Importance of the Permian
Production from the Permian Basin alone makes up about half of total U.S. crude oil production, according to data from the U.S. Energy Information Administration (EIA), and is the second largest natural gas producing basin behind the Appalachian Basin.
Two counties in New Mexico alone, for example, are responsible for 29 percent of Permian Basin crude oil production. Both counties, especially Lea County, hold large amounts of dunes sagebrush lizard habitat that would be under protection if the listing took effect.
Rule ‘Challenged and Heavily Litigated’
The Permian is vital for energy production, so an endangered species listing that hinders development there would have a substantial impact, which could lead to litigation, says Ted Hadzi-Antich, senior attorney with the Texas Public Policy Foundation.

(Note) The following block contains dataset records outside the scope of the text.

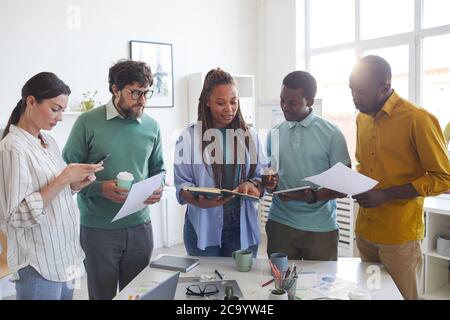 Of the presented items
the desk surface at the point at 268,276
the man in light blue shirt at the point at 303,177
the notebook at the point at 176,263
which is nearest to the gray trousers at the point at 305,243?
the man in light blue shirt at the point at 303,177

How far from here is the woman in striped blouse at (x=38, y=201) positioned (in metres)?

“The Permian Basin is prime ground for energy development, and this listing could have a major impact,” Hadzi-Antich said. “I expect the ruling will be challenged and heavily litigated.”
Litigation to get species downlisted—meaning moved to “threatened” instead of endangered or delisted entirely—is possible. Nineteen species have been previously delisted after being listed in “error” between 1973 and 2016.
How the ruling could be overturned in this case would depend on the arguments put forth during the comment period, as well as any potential procedural mistakes or a lack of substantial proof that the species requires the extra protection of the federal government, says Hadzi-Antich.
“There is no good way to predict what the end will be, and it’s even more difficult because all we have is a proposed rule, which is followed by a comment period, and it’s the final rule that can be litigated,” said Hadzi-Antich. “Sometimes it’s procedural, or maybe the government doesn’t show clearly enough why the species is being listed.”
The Fish and Wildlife Service is taking public comments on the proposed listing until September 1, and could issue its final rule at any time after that.